At 43:40, why Mw just accept if w`=w ? Why should it simulate for that ?

What is the significance of simulating M on input w in the Mw machine?

just beautiful. thank you man

Thank you so much, I finally understand!

Let's see if I get this
Outside the proof (meaning the real world with no false assumptions), if you are given a _string_ (any string at all) you can build a machine M0 so that it's language is { w' | w' is in the language iff w'-circ is in the language} . What you can't do (but we temporarily pretend we can in the video proof) is create a Machine R where given a _Turing_ _Machine_ (any Turing Machine at all) you decide whether that Turing Machine's language is a circular language.
In the video, he called his machine M-subscript-w.

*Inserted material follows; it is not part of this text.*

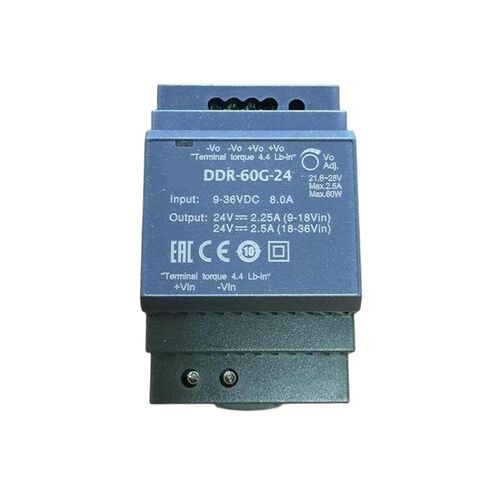 Power Supply DDR-60G-24 Rail Type 60W in Saudi Arabia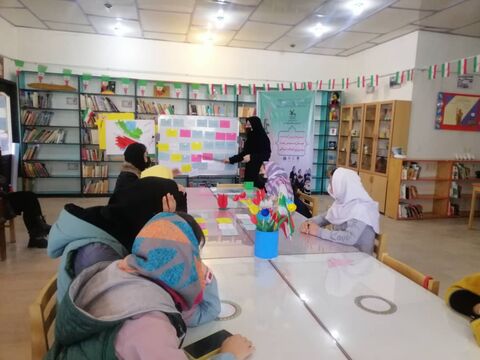  استقبال پرشور کودکان و نوجوانان از برنامه‌های ایام الله دهه مبارک فجر - مرکز کلیبر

I'm calling the same machine M1
The language of M1 is { w' | w' is in the language iff w'-circ is in the language} *iff* M accepts w. Running M on input w could be undecidable (which is why A[TM] is undecidable). Therefore M1 could be undecidable, but that's okay, no one said it had to be, we just have to know what M1's language is.
If M accepts w, M1 accepts and it's language is circular.
If M1 loops, we could nondeteministically say it _would_ reject and its language wouldn't be circular. Because we know what it _would_ do, we know what its language is, even if M1 is undecidable.
M1's language is w-circ iff M accepts w. Because of that, running R on input M1 and deciding whether M1 defines a circular language is the same as deciding if M accepted or rejected w.

the sign of m accepts, m :> , I have seen it in Haskell

I'm not convinced of his Mcirc proof. It's not clear. It is like he wasn't really prepped for this lecture

Prove that the language L= {ai: ai ϵL (Mi)} is Turing acceptable and undecidable.

43:40 it should be.......If input w' != w AND w' != w rotated one place, REJECT

Whenever I have had bad professors, Professor Gusfield has always rescued me

What's the text book's name?

Love this lecture

Very good professor I wish my India teacher Graham was good like you - Muhibear

H has R inside at 19:47 ... I like the sound "krrh"

Thank god I found this. I cannot understand my India professor's lectures

thanks!